Oct 07, 2017
Dating Advice
It’s all about context
By Stu Slayen
If you want to know how to plan that perfect evening to impress someone special, there are probably better resources than this blog. In fact, I know there are. But I have some other dating advice for you.
I often see words like “new” or “recent” or “last year” or “next month” to describe an event. If I need to know the timing of the event to understand what I’m reading, I might flip to the front of a report or scroll down to the bottom of a web page to check the copyright date (while cursing the writer and editor for making me work so hard). Using such relative time language is usually not helpful to the reader.
A few tips to consider:
- Scan your website regularly to make sure that any relative time/date language is still relevant. If an initiative or publication is a few months or a few years old, your site shouldn’t still be touting it as “new”. (Blog entries could be excluded from this advice if the date of a post is prominent.) Check your content regularly.
- Try to avoid the use of the words “recent” or “next” in an important report or article that might have some shelf life. Don’t refer to the “government’s recent infrastructure initiative.” It might have been recent when you wrote about it, but unless you have superpowers, you don’t know when the reader is reading it.

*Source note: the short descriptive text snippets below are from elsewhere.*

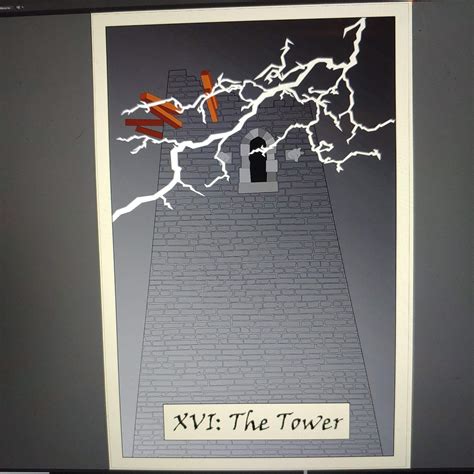 The tower is one of the only cards in the deck that has energy that always belongs in the moment. The Tower Tarot Card WIP | Art Amino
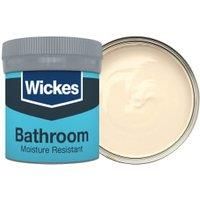 Wickes Magnolia - No. 310 Bathroom Soft Sheen Emulsion Paint Tester Pot - 50ml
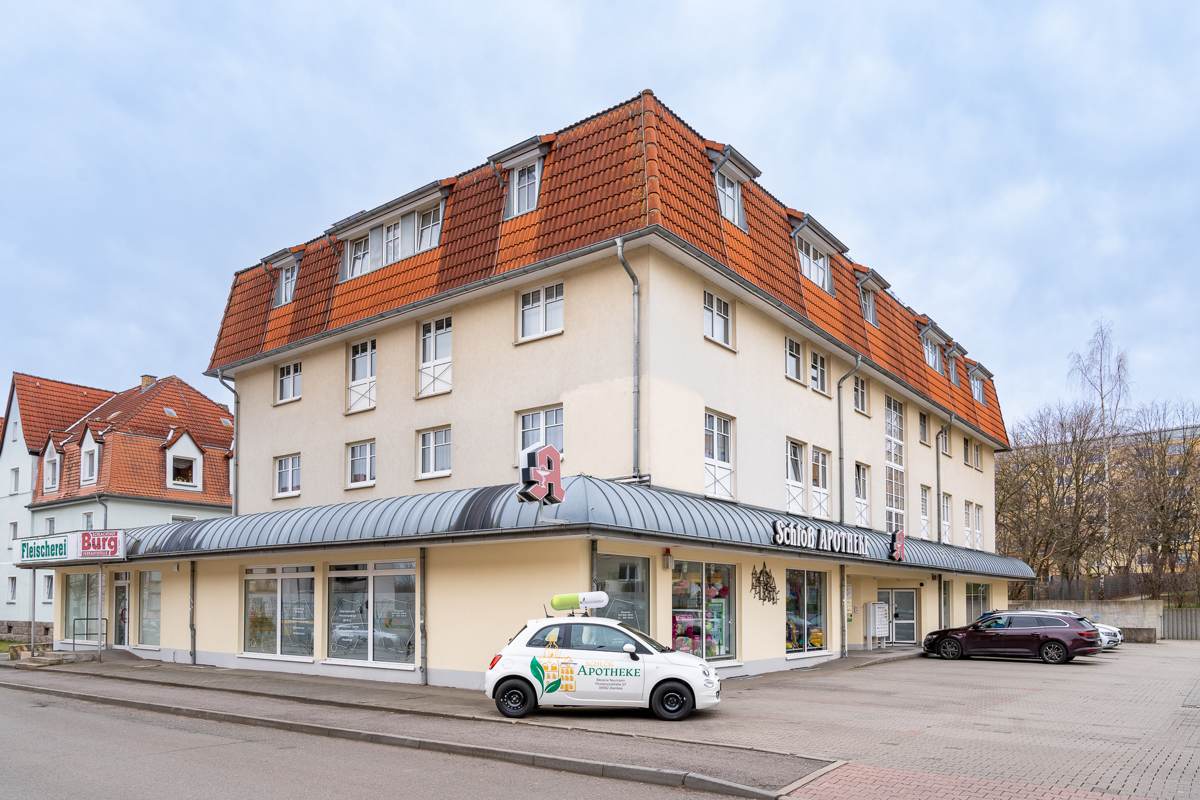 Aussenansicht der Schloß Apotheke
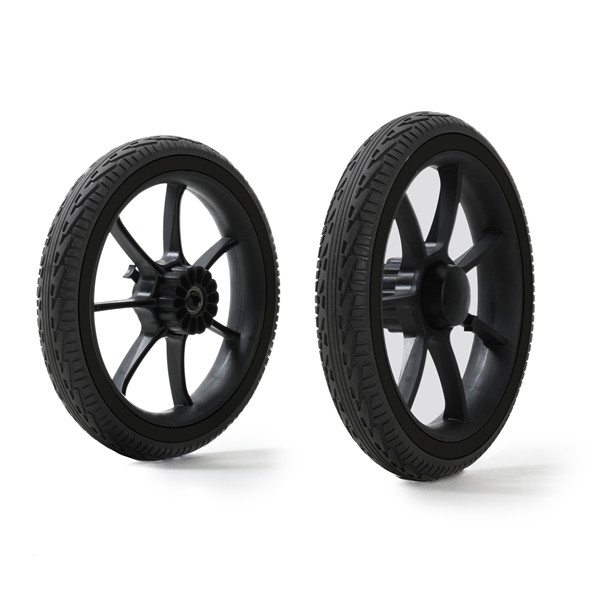 Emmaljunga 2023 NXT90 quad kit wheel set black solight-ecco 2-pack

- Watch the calendar. In December 2013, I worked on a document that was due out in the first quarter of 2014. In her draft, the writer referred to an event that happened “earlier this year”. When she wrote that statement, it was true. When I read it, it was still true. But by the time the reader would have seen it, the statement would have been incorrect. Simple solution. We changed “earlier this year” to “March 2013”.
- “Person X has served as Executive Director for 10 years.” You have seen biographical text like this on a website, I’m sure. Come back in three years. Is the copy still the same? Probably. Even the most effective Executive Directors can’t make time stand still. It is much better to say “Person X has served as Executive Director since 2007.”
It’s all about context. And when you’re writing for an audience, only the audience’s context matters.